Republicans held firm in the Senate to block the larger request last week, leaving Diamond and other Democrats with no choice but to find a compromise. Maine's bond proposals must have the support of two-thirds of the members in the House and Senate in order to be sent out to the voters.
Diamond said that the goal of job creation was never in dispute. "Truly this compromise, some will be wanting more, and some do want more, some want less, and some want something totally different. This bond package has been and is about jobs, everyone kept that as their focus. Creating jobs is what we really want to do with this package -- that was not a partisan matter, we just simply didn't agree on numbers."
One of the Democratic state senators who really did want more was Elizabeth Schnieder of Orono. But she says that, unlike others in the Legislature, she was never willing to walk from the bond negotiations empty handed.
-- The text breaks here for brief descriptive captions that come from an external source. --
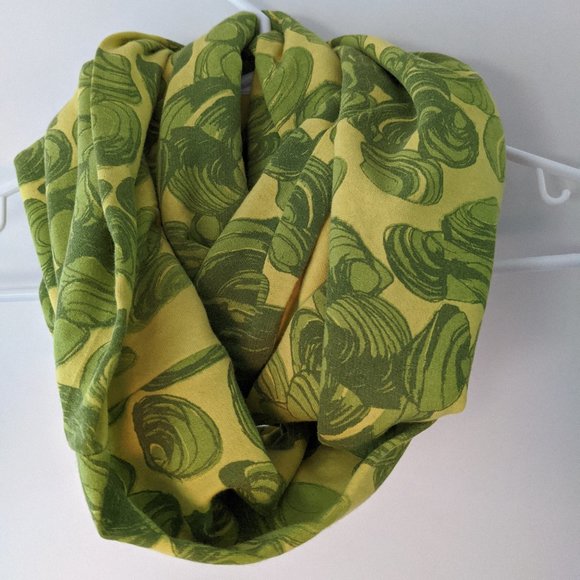 Pascale Faubert Patterned Infinity Scarf Green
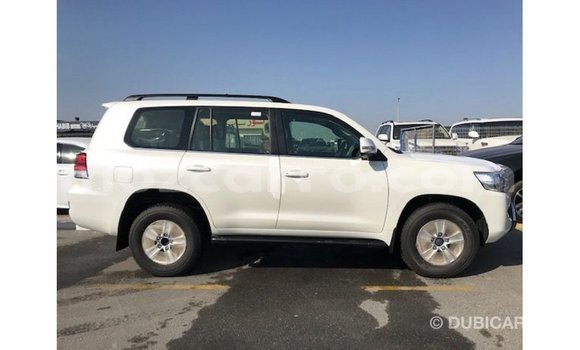 Comprar Importar Toyota Land Cruiser Branco Carro em Import - Dubai em Cabo Delgado Comprar Importar Toyota Land Cruiser Branco Carro em Import - Dubai em Cabo Delgado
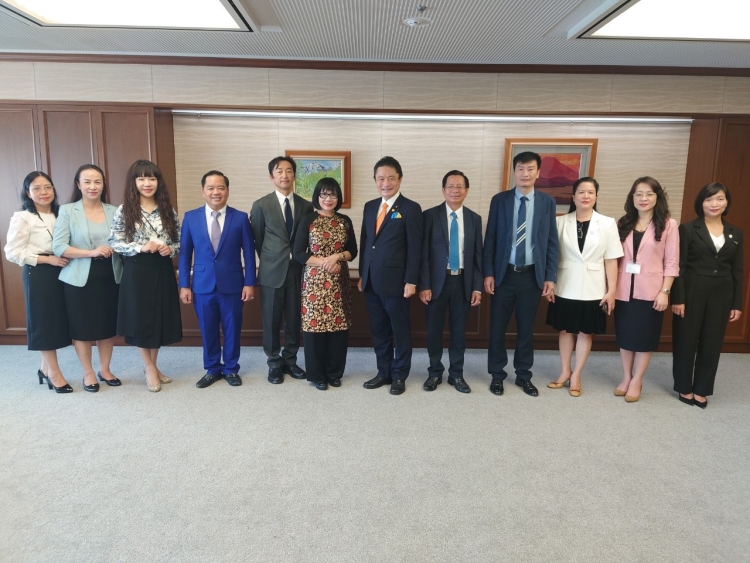 柿沢未途法務副大臣が、ベトナム司法省本邦研修参加者御一行による表敬訪問を受けました。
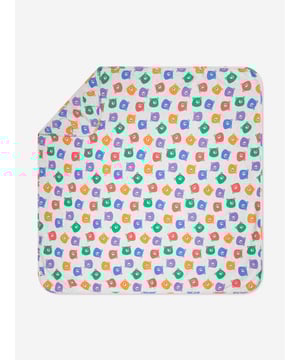 The Bonnie Mob depict captivating materials in their vintage inspired pieces. This baby unisex shawl with hood in red captures the label's high quality modifications and exceptional craftsmanship. Depicted in checked apple patterning for a cute autumnal feel.  Unisex Baby Blanket Ears 95cm x 95cm 100% GOTS Certified Organic Cotton GOTS Certified Organic Brand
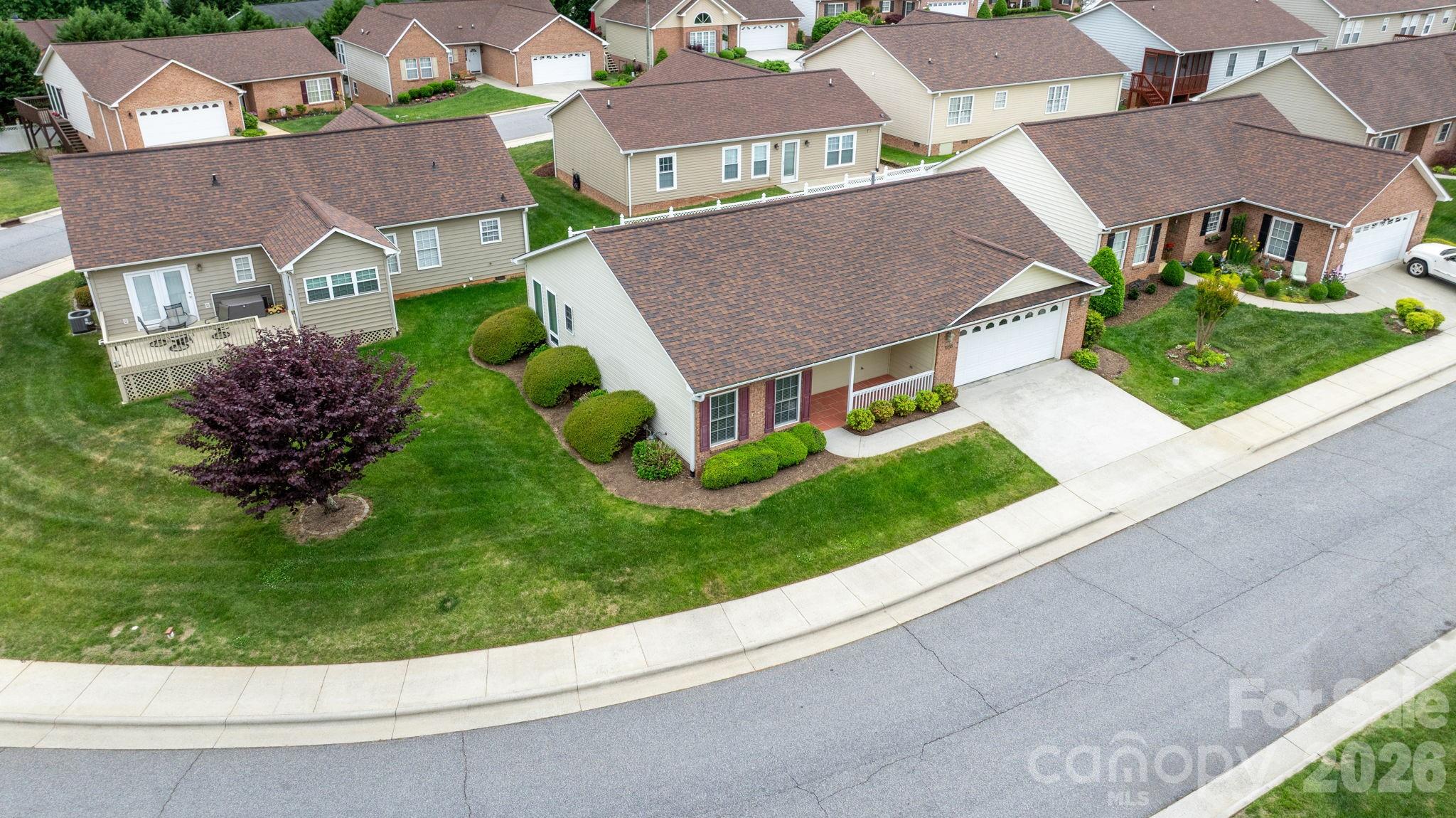 1268 Wexford Village Circle NE — Lenoir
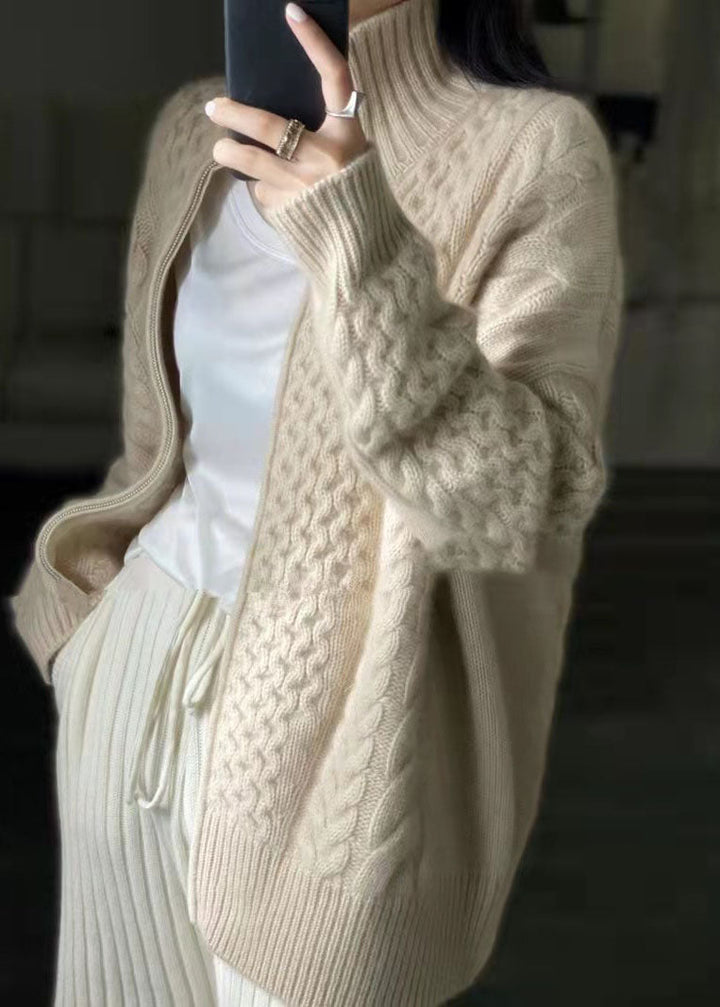 Beige damkappa med dragkedja och stickad design, elegant och mysig för både vardag och officiella tillfällen.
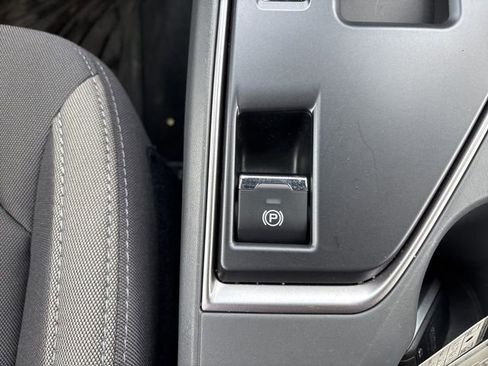 Used 2025 Subaru Crosstrek 2.0i Premium image 35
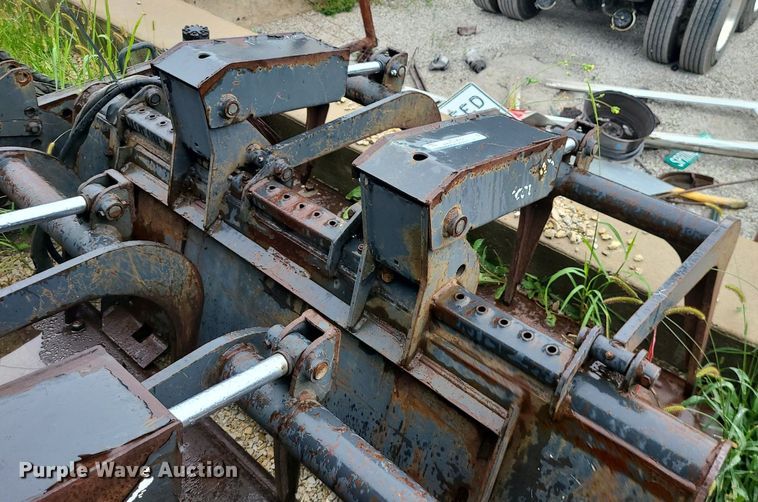 image for item MG9682 Bobcat  66"W skid steer grapple bucket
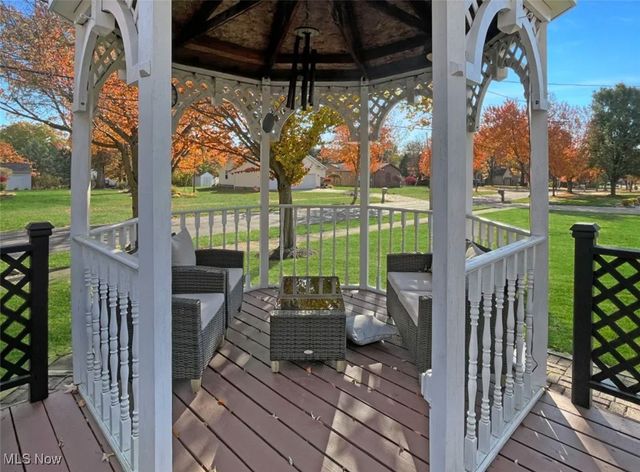 422 E 7th Street, Mcdonald, OH 44437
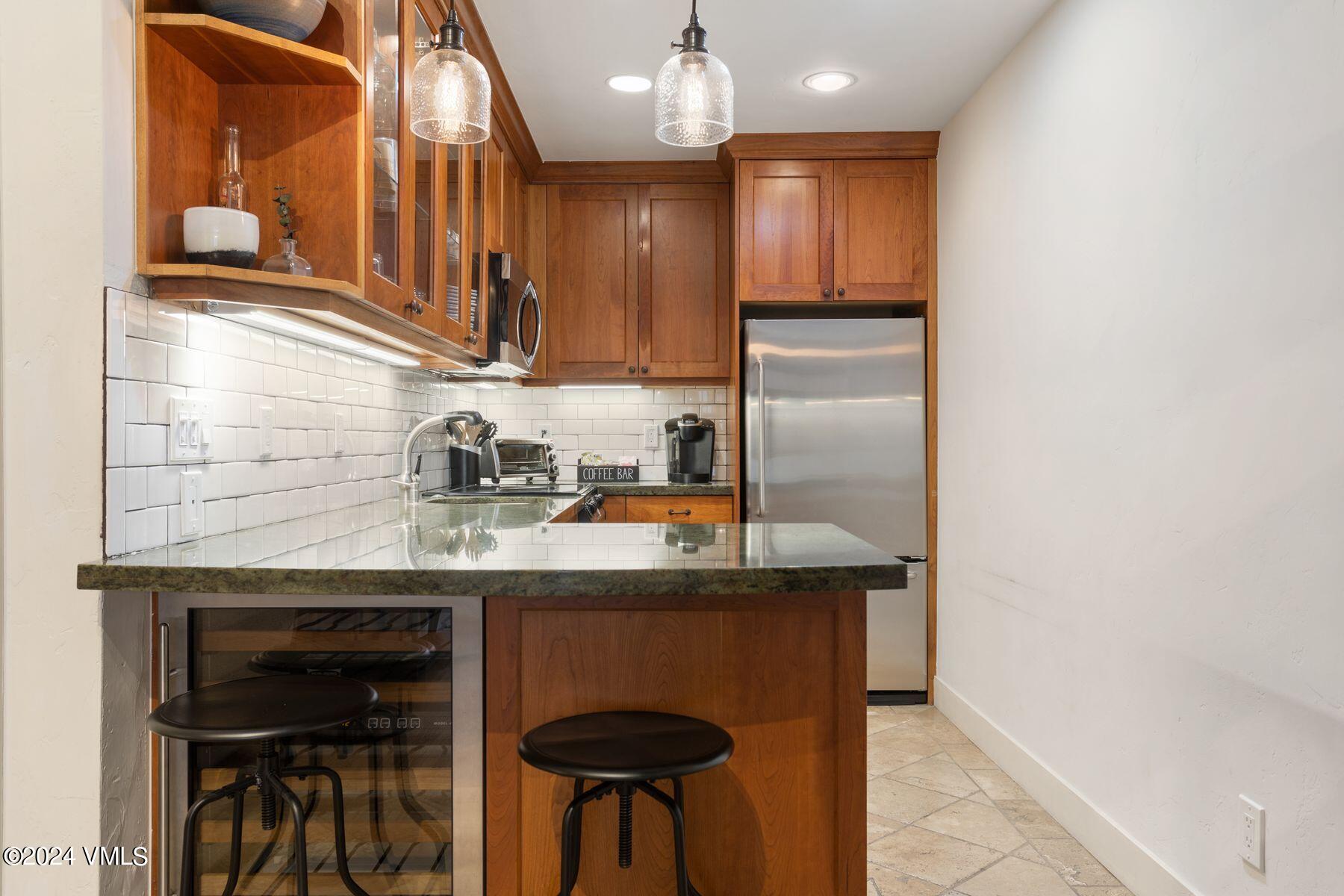 122 E Meadow Drive 4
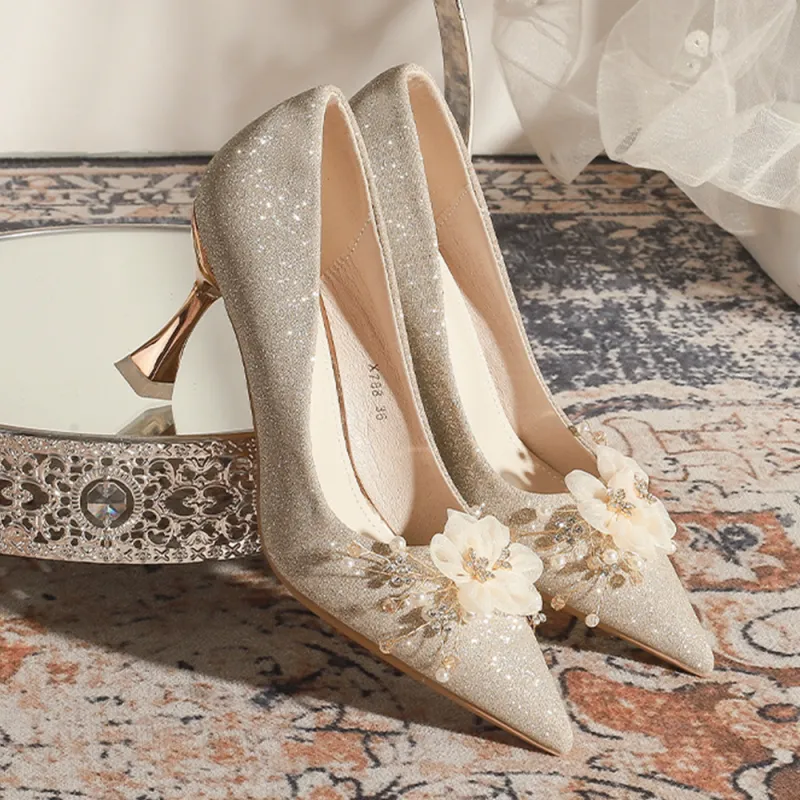 A Poinsettia Princess High Heels Women's Champagne-4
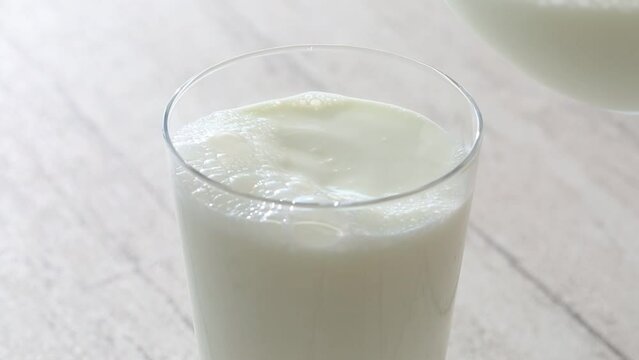 ミルク、グラスに注ぐ牛乳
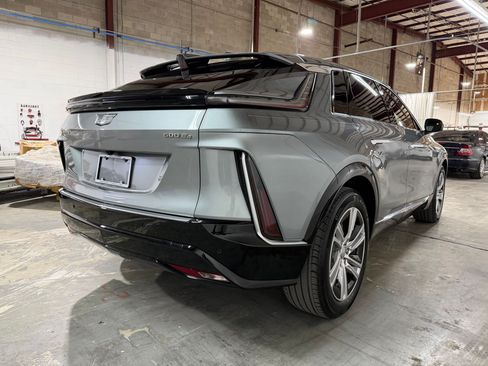 Certified 2024 Cadillac Lyriq Tech AWD/4WD image 8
"And though even I have huge disappointment in the size of this package, because I think the fiscally-responsible thing to do would have been to have a larger bond package, I fully put my support behind this package because it is the right thing to do for the people of this state. Zero is not an option for me," Schnieder says.
In addition to providing nearly $25 million for highway improvements, the bond agreement provides $7 million in new borrowing that will be coupled with a $7 million transfer from the state's Rainy Day Fund and $3 million in contributions from northern Maine companies to allow the state to acquire the Montreal, Maine and Atlantic Railroad for $17 million.
The money-losing line, which needs about $19 million in upgrades, has been a focal point of the bond discussions and has been described as a life-line to industries in northern Aroostook County that rely on the 233 miles of track. The current owner informed the state that it would abandon the line and sell the rails for scrap if the state was not interested in purchasing it.
"This is not a mandate to go buy that rail line," says state Sen. Peter Mills, a Cornville Republican, who voted to enact the amended bond package, but warned those who would be involved with the rail negotiations to keep their eyes open.
"That if the Department of Transportation and the chief executive cannot put together a multi-part deal, or series of deals, that provide for rehabilitation of the line and good marketable connections to Canadian National in the north and the rail lines to the south, that we as a state should be prepared to walk away from it, in spite of our emotional attachments," Mill says.
The Maine House enacted the bond bill by a vote of 102-44, and the Senate followed with a 30-5 vote. The governor is expected to sign the bill later today, the expected last day of the legislative session, and raise the dollar value from the total number of bond questions on the June and November ballots to just over $123 million.